Se fosse possível escanear o cérebro do seu filho e descobrir preferências dele que não lhe agradam, como votar em Trump ou Sanders, ou mesmo mudar de religião, seria possível usar a mesma lógica de tratamento que o senhor pesquisa para a criminalidade?
Entendo. O que aconteceria se no futuro pudéssemos escanear os cérebros de todas as crianças de 11 anos no Brasil? No futuro, com mais conhecimento, juntando o conhecimento social e o conhecimento biológico e como eles interagem e se combinam, poderíamos intervir nessa criança com tratamentos sociais, psicológicos e biológicos.
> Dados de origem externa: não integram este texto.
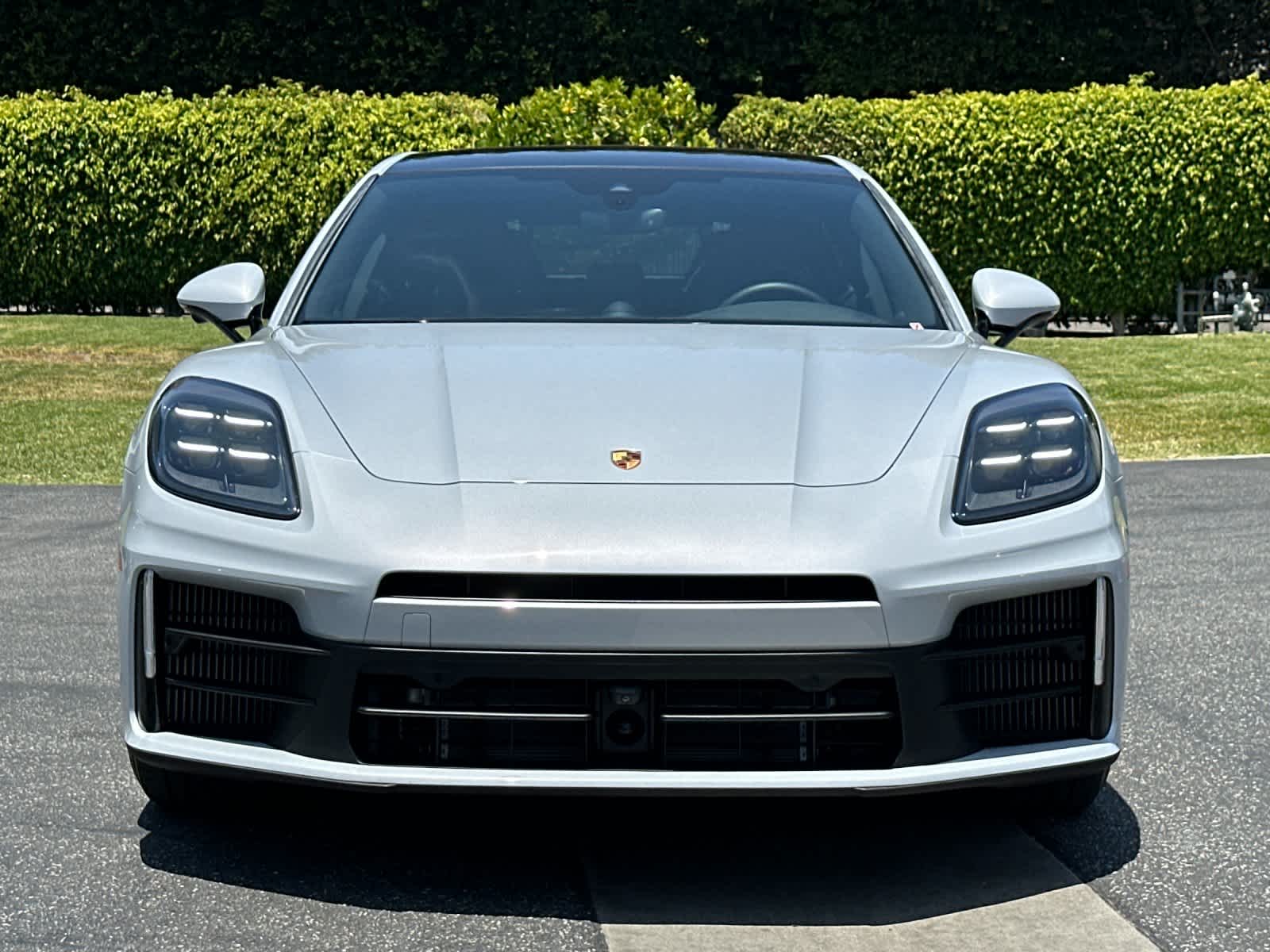 2025 Porsche Panamera 4 E-Hybrid
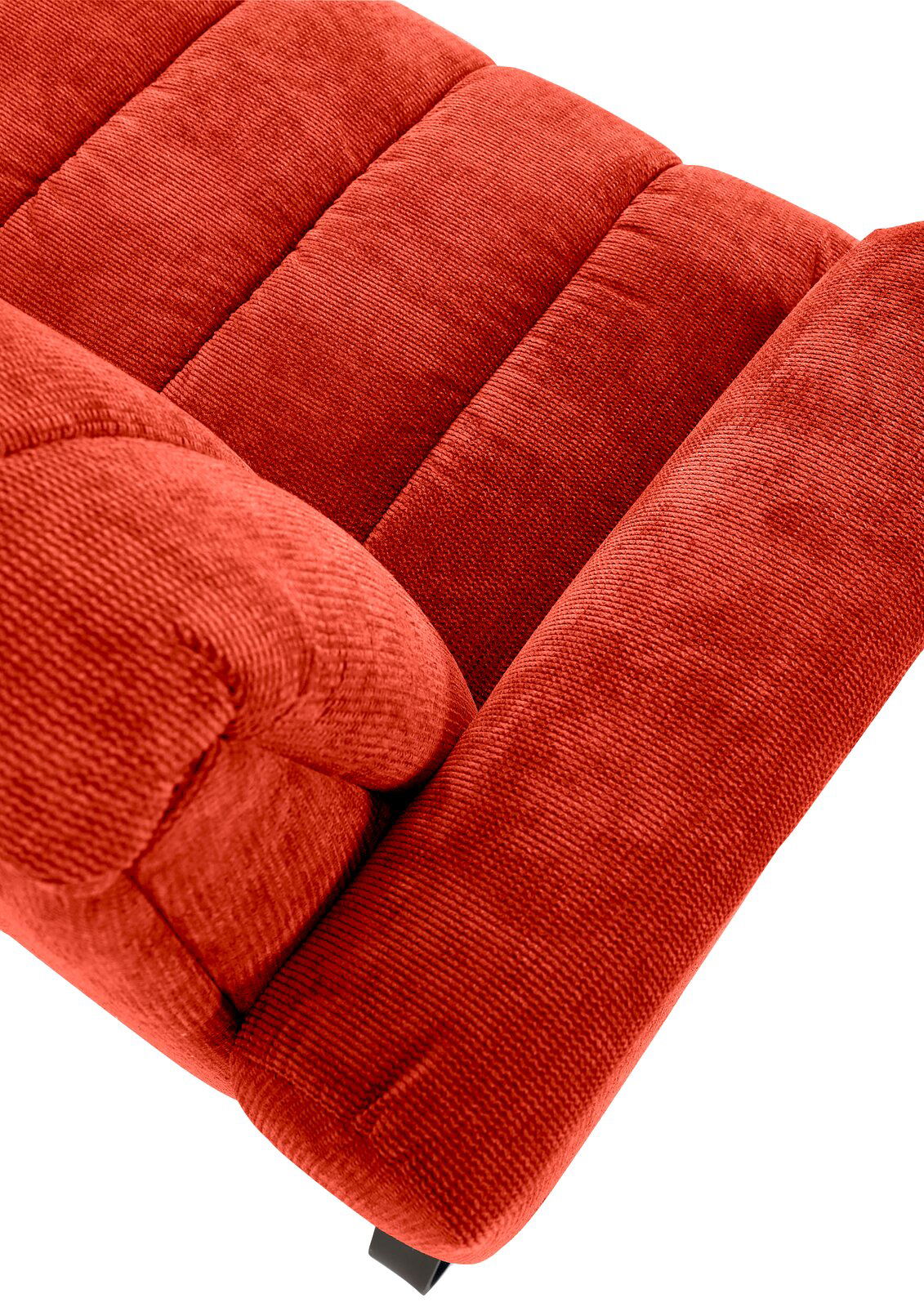 Nahaufnahme einer roten 2,5er-Sitzbank aus Stoff, schräg von oben fotografiert.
A tal ponto que eu poderia dizer que seu filho de 11 anos tem 70% de chance de ser um criminoso violento quando crescer. Essa é a má notícia. A boa é que nós teremos desenvolvidos novos programas de prevenção que enfrentam os problemas sociais, biológicos e psicológicos. Digamos que não seja um tratamento perfeito, que a taxa de sucesso seja 70%. A questão será, ok, nós teremos que separar seu filho de você por algum tempo, porque o tratamento exige internação. Você é parte do problema. Tal pai, tal filho, transmissão genética. O que você faz? Você diz sim, meu filho precisa de ajuda, vai ter de ser separado de mim, isso tem um custo. Ou não, você não se importa.
Alguma pista do porque os homens são mais violentos que as mulheres?
Sim, biologicamente sim. Um dos meus alunos fez uma pesquisa. Vai parecer estranho, mas os homens têm batimentos cardíacos mais lentos que as mulheres. Os homens têm mais sangue frio (risos). Esse é apenas um fator. Mas entre os homens, aqueles com menor batimento cardíaco têm mais tendência ao crime. Vou tentar explicar. Medir os batimentos cardíacos é uma situação de estresse, mesmo para meninos. Acontece em um laboratório ou em um hospital, mesmo em um consultório. As pessoas que não têm medo disso mantem seus batimentos normais. Para cometer um crime, você não pode ter medo. Não me refiro ao crime passional, mas a aquele planejado, premeditado. Não é uma relação direta de causa e consequência, apenas um dos fatores observados em pesquisa. Há vários outros fatores, como a testosterona. Os homens têm mais massa muscular. Talvez isso tenha servido, no passado, para moldar um comportamento cultural e não necessariamente biológico.
Você tem razão ao dizer o mau uso da pesquisa biológica pode ser perigoso, mas não usar a pesquisa biológica pode ser ainda mais perigoso. Se impedirmos esse tipo de pesquisa, mancharemos nossas mãos com sangue das vítimas inocentes que poderíamos ter salvo. Os cientistas devem fazer pesquisas responsáveis, sem preconceitos em qualquer direção. Devemos deixar as pessoas decidirem.